__The problem__. Return the data exactly, without pictures.
═════ Dataset extract ═════
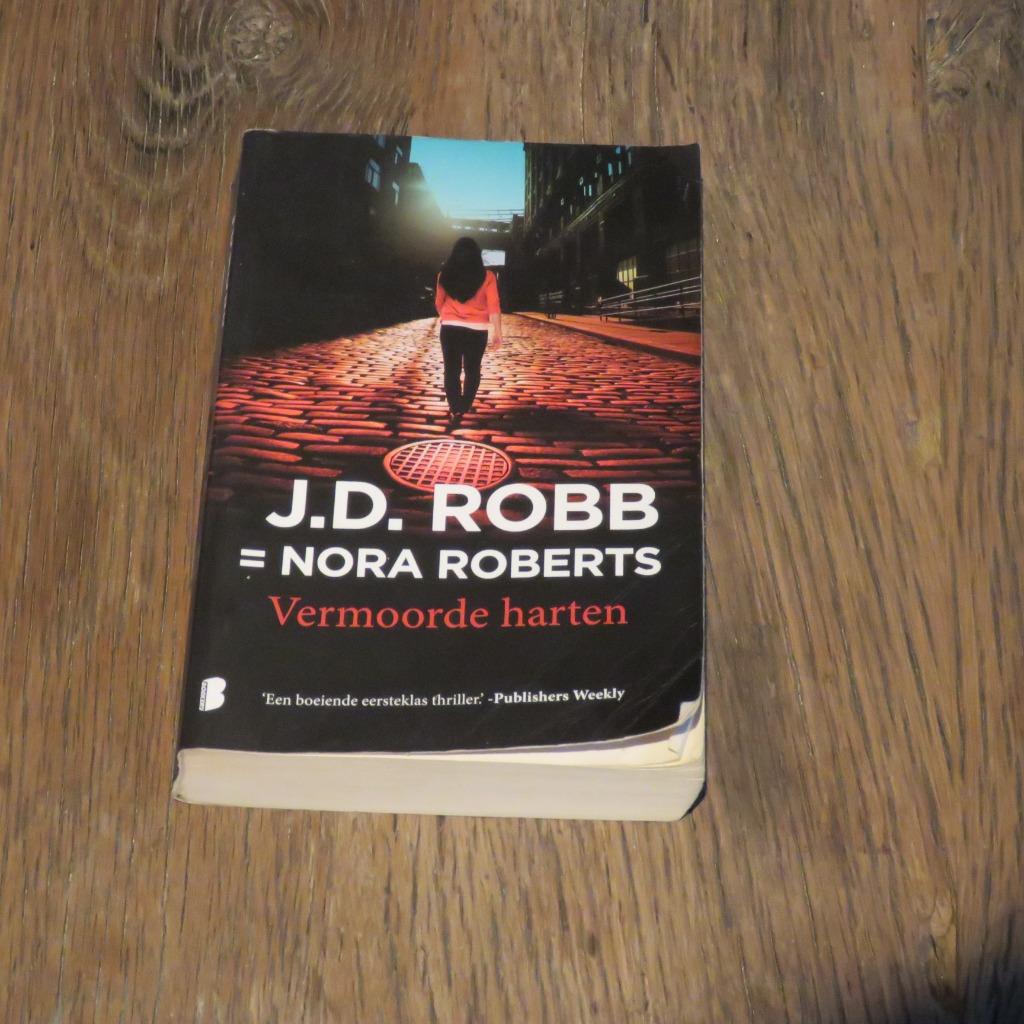 J. D. Robb = Nora Roberts Vermoorde harten, Enlèvement ou Envoi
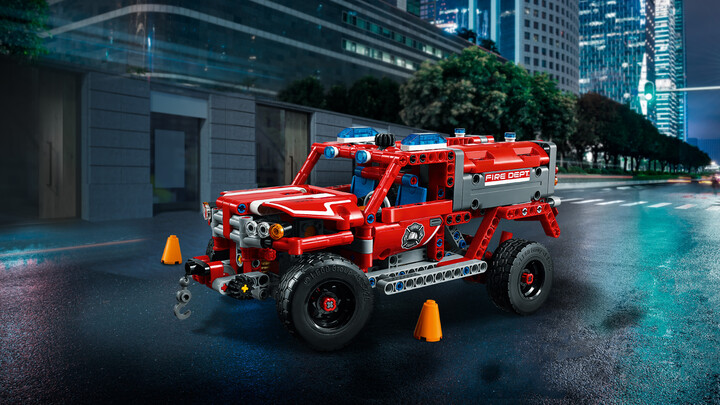 LEGO® Technic 42075 Záchranné auto_1730867220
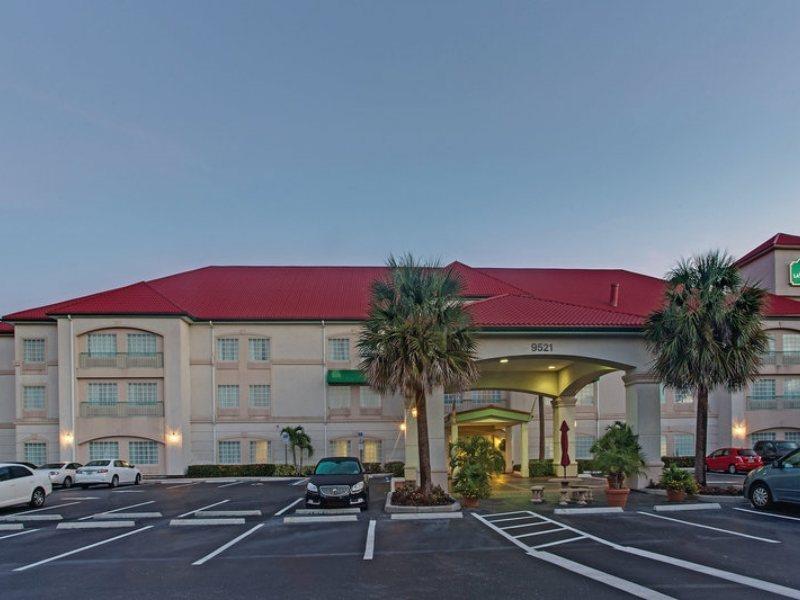 La Quinta Inn And Suites Fort Myers I-75 Dış mekan fotoğraf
═════
__Result__.
 J. D. Robb = Nora Roberts Vermoorde harten, Enlèvement ou Envoi
 LEGO® Technic 42075 Záchranné auto_1730867220
 La Quinta Inn And Suites Fort Myers I-75 Dış mekan fotoğraf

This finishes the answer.